→ **Records shown**:
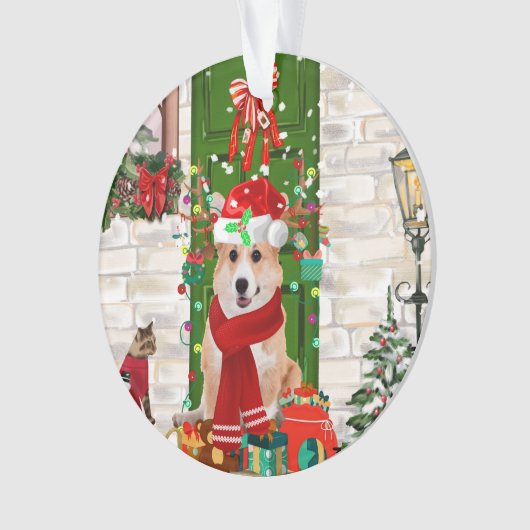 corgi Chien Noël (devant)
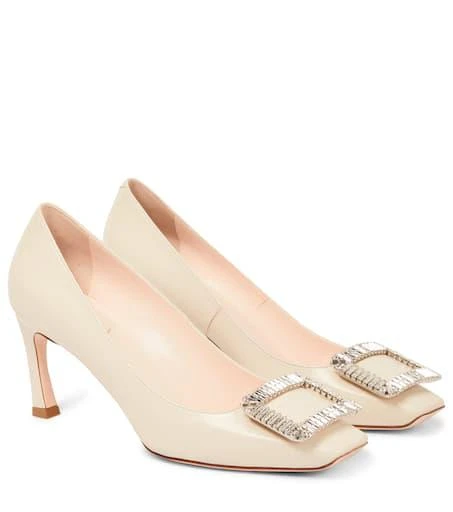 商品Roger Vivier|Trompette Strass 70 leather pumps,价格¥9933,第1张图片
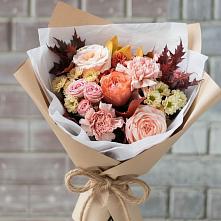 Букет цветов из:  Гвоздики, Хризантемы и Розы в Батырево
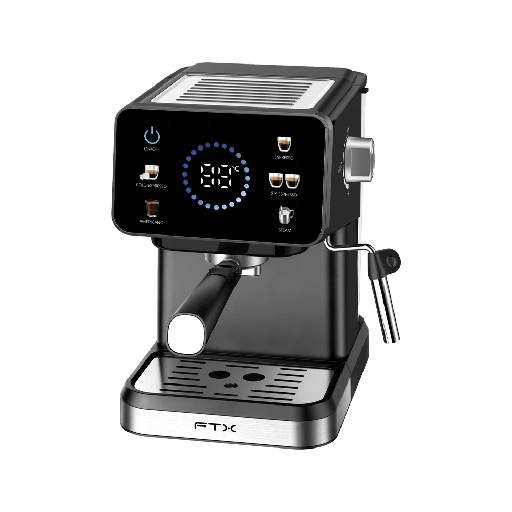 [FX126939] CAFETERA FTX 2 TAZAS 1050W 220V INOX ESPRES/CAPP/NPS/DG/20BAR C2-15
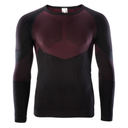 Лонгслів HI-TEC HIGLO TOP-BLACK/DARK RED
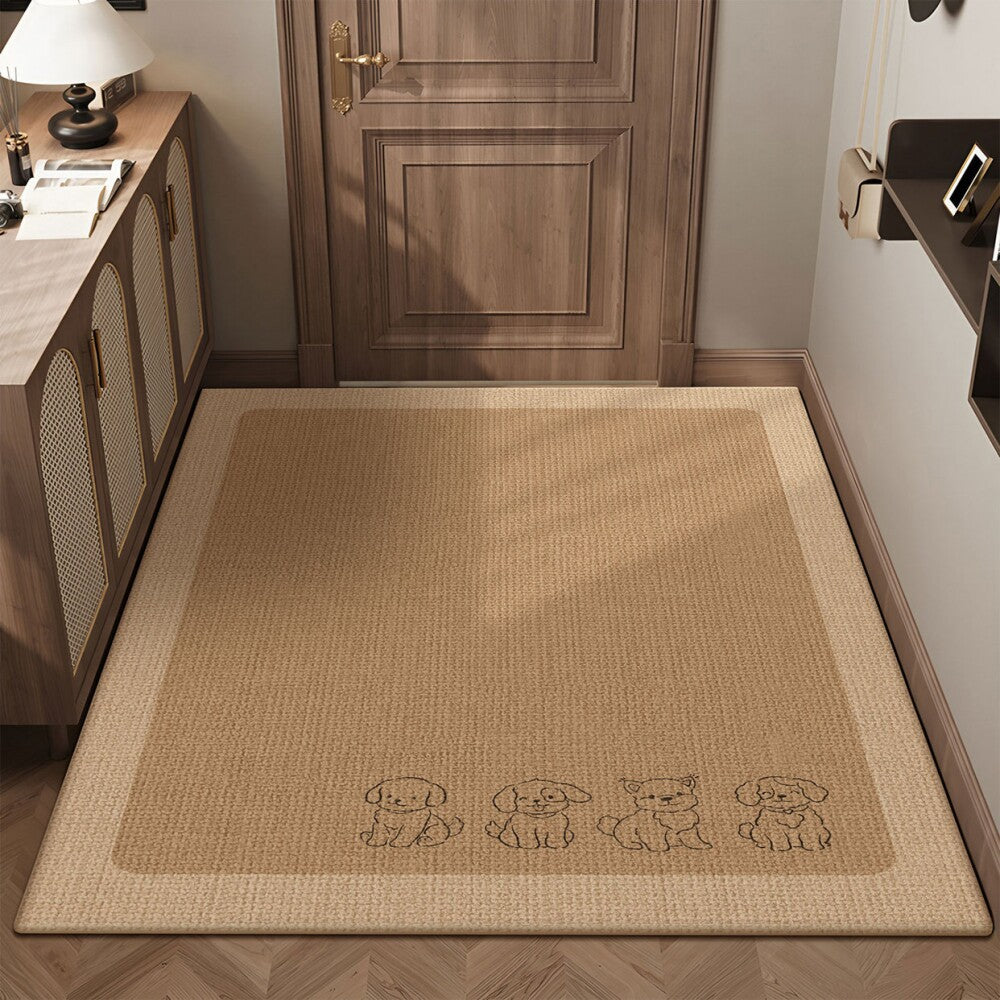 Children's Playful Circus-Themed Area Rug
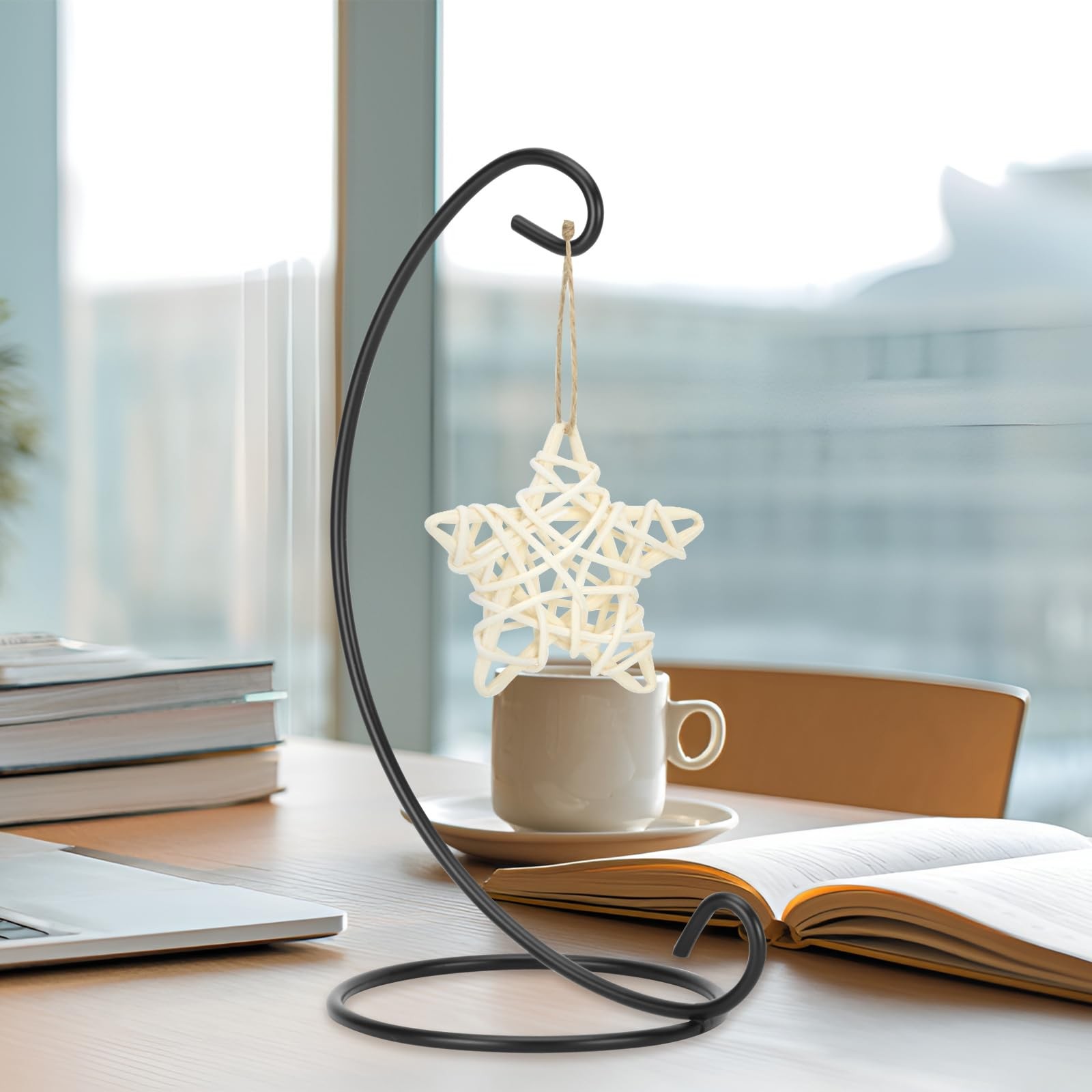 EOWCO 9in Single Ornament Display Stand, Tabletop E-9in-stand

→ **Required action**:
With pictures left out, repeat exactly the lines from the line bearing "商品Roger Vivier|Trompette Strass" through the final line of the records above.

→ **Result for this task**:
 商品Roger Vivier|Trompette Strass 70 leather pumps,价格¥9933,第1张图片
 Букет цветов из:  Гвоздики, Хризантемы и Розы в Батырево
 [FX126939] CAFETERA FTX 2 TAZAS 1050W 220V INOX ESPRES/CAPP/NPS/DG/20BAR C2-15
 Лонгслів HI-TEC HIGLO TOP-BLACK/DARK RED
 Children's Playful Circus-Themed Area Rug
 EOWCO 9in Single Ornament Display Stand, Tabletop E-9in-stand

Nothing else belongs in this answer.